E agora? Se você começar a ler mais para frente, vai estragar muitas surpresas, vai dar spoiler para si mesmo. Voltar atrás e reler com fastio aquilo que você já leu e, em se tratando de um policial não tem a menor graça? Se você tivesse usado um marcador de livros… Tá bom, pode não ser o melhor amigo do homem e da mulher, mas decerto é o melhor amigo dos leitores. Afinal, por mais esperto e ensinado que seja o cachorro, ele nunca vai te avisar: — Você estava para começar o capítulo 17…
É por isso que aqui em casa há livros e marcadores de livros espalhados por toda a parte. Mesmo assim eu não esperava pelo que aconteceu em uma aula sobre Machado de Assis. Era o último dia de debate sobre Memórias póstumas de Brás Cubas. A turma era pequena, mas valente, e soube levantar (e cortar) uma série de questões sobre o livro: o defunto autor e a narrativa em primeira pessoa, a escravidão, a posição social da mulher e o adultério, a classe dominante, a política… Eu estava absolutamente encantado com a qualidade do debate e das contribuições da turma, era uma daquelas horas mágicas em que o professor pensa: — Que maravilha, não precisam mais de mim…
Foi aí que aconteceu o fato insólito, inusitado, o não-crível. O sublime. Peguei um marcador para não deixar escapar uma passagem que eu ainda queria comentar com a turma. Na frente, a capa de um dos meus livros, As cores de Acari, que foi lançado na sisuda livraria da FGV com uma festa em que havia um conjunto de samba de Acari e muitos acarianos vindos nas duas vans que eu contratei para trazê-los. Até toquei pandeiro (mal, mas no ritmo). Foi um pagode, no sentido original do termo, da melhor qualidade. O que eu mais me lembro nesse dia, e lembro de bastante coisa, foi a alegria dos meus pais. Meu pai ainda inteiro antes do infarto, simpático feito um baiano e minha mãe irradiando vida aos 79 anos.

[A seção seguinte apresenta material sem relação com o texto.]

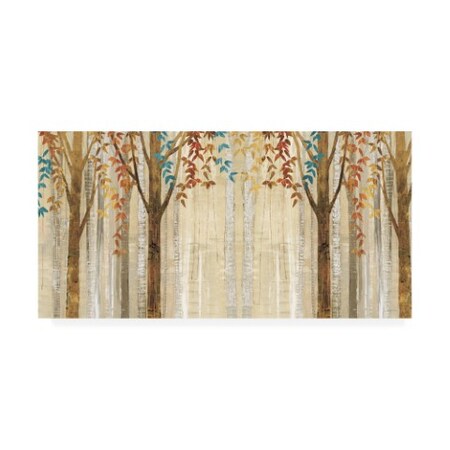 Trademark Fine Art Avery Tillmon 'Down To The Woods Autumn Teal Crop' Canvas Art, 16x32 WAP10242-C1632GG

Não sei por que motivo, virei o marcador e lá estava. A assinatura da minha mãe, com aquela caligrafia elegante que só minha irmã herdou, a data (27/6/2001) e a pequena observação:
“Alegria e satisfação”
Foi difícil não chorar diante da turma. Não que isso tenha algum problema para mim. Mas iria quebrar o clima do debate e para o professor a sua turma tem que vir em primeiro lugar.
Mas juro que era minha mãe se transformando em vento e vindo soprar em mim uma brisa de amor e saudade.